Arme landen, waaronder Suriname, kunnen hun carbon credits vergeten.
Ondanks alle mooie woorden over miljoenen compensaties, blijft dat hoogstwaarschijnlijk slechts een wens. Arme landen worden misleid door consultants die verdienen aan hun afhankelijkheid en kwetsbaarheid.
Met de aankomende president Trump in de VS, die al heeft aangekondigd het klimaatakkoord te willen verlaten, rijst de vraag of het nog zin heeft de klimaatconferenties voort te zetten. De VS is immers de grootste financiële donor en een van de grootste vervuilers ter wereld.
In de vroege uren van zondag 24 nocwmber bereikten landen tijdens de VN-klimaatgesprekken in Bakoe een akkoord over financiering voor klimaatassistentie aan armere landen. Hoewel sommige delegaties het als een stap in de goede richting zien, blijven veel partijen ontevreden over het bereikte resultaat.

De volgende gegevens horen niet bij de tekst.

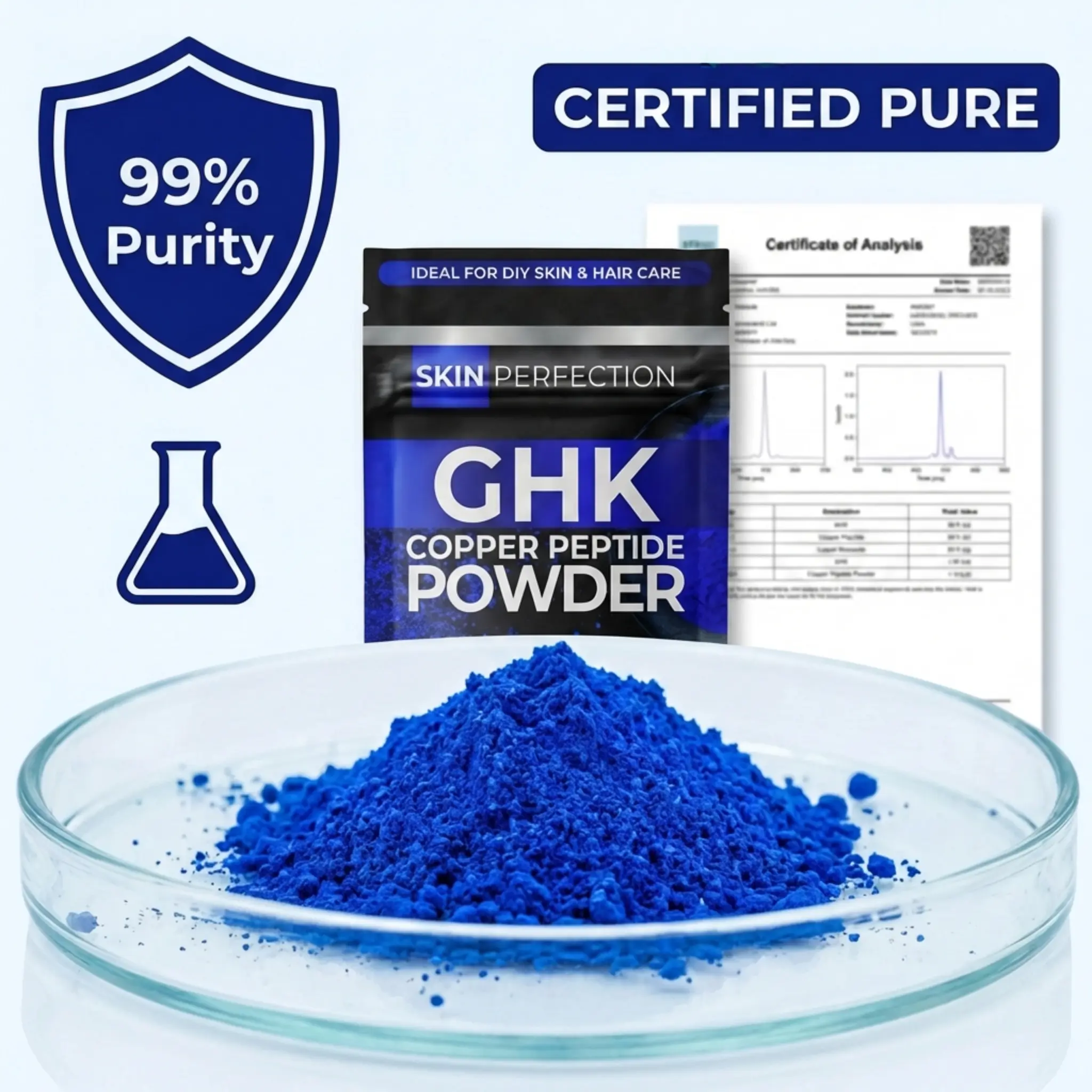 GHK Copper Peptide - 99.7% Pure Powder for DIY Face and Hair Serums 1 gram  jar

Ani Dasgupta, president en CEO van het World Resources Institute, omschreef de overeenkomst als “een belangrijke aanbetaling voor een veiligere, eerlijkere toekomst”, maar bekritiseerde rijkere landen voor het gebrek aan substantiële financiële toezeggingen, terwijl de levens van miljarden op het spel staan.
De overeengekomen financiële regeling houdt in dat rijke landen tegen 2035 jaarlijks minstens $300 miljard bijeenbrengen om ontwikkelingslanden te ondersteunen. Dit bedrag verbleekt in vergelijking met de gevraagde $1,3 biljoen, een som die volgens experts nodig is om de gevolgen van klimaatverandering effectief aan te pakken.
De overeenkomst vervangt een vijftien jaar oude regeling waarin rijke landen $100 miljard per jaar bijdroegen aan klimaatfinanciering. Het nieuwe bedrag zal worden toegepast op projecten variërend van de overgang naar schone energie tot het versterken van infrastructuren voor duurzame technologieën zoals wind- en zonne-energie.
Ondanks deze toezegging blijft de doelstelling om de opwarming onder 1,5 graden Celsius te houden ver buiten bereik, aangezien de wereld al op 1,3 graden Celsius opwarming zit en koolstofemissies blijven stijgen. Critici vrezen dat de te beperkte financiële toezeggingen niet toereikend zijn om significante veranderingen te realiseren en de dreiging van klimaatverandering effectief af te wenden.
Al met al levert COP 29 een gemengd beeld op, waarin enige voorwaartse beweging niet kan verhullen dat de langverwachte doorbraak in wereldwijde financiële samenwerking voor het klimaat uitbleef. De druk op toekomstige conferenties om actie te versnellen, is groter dan ooit.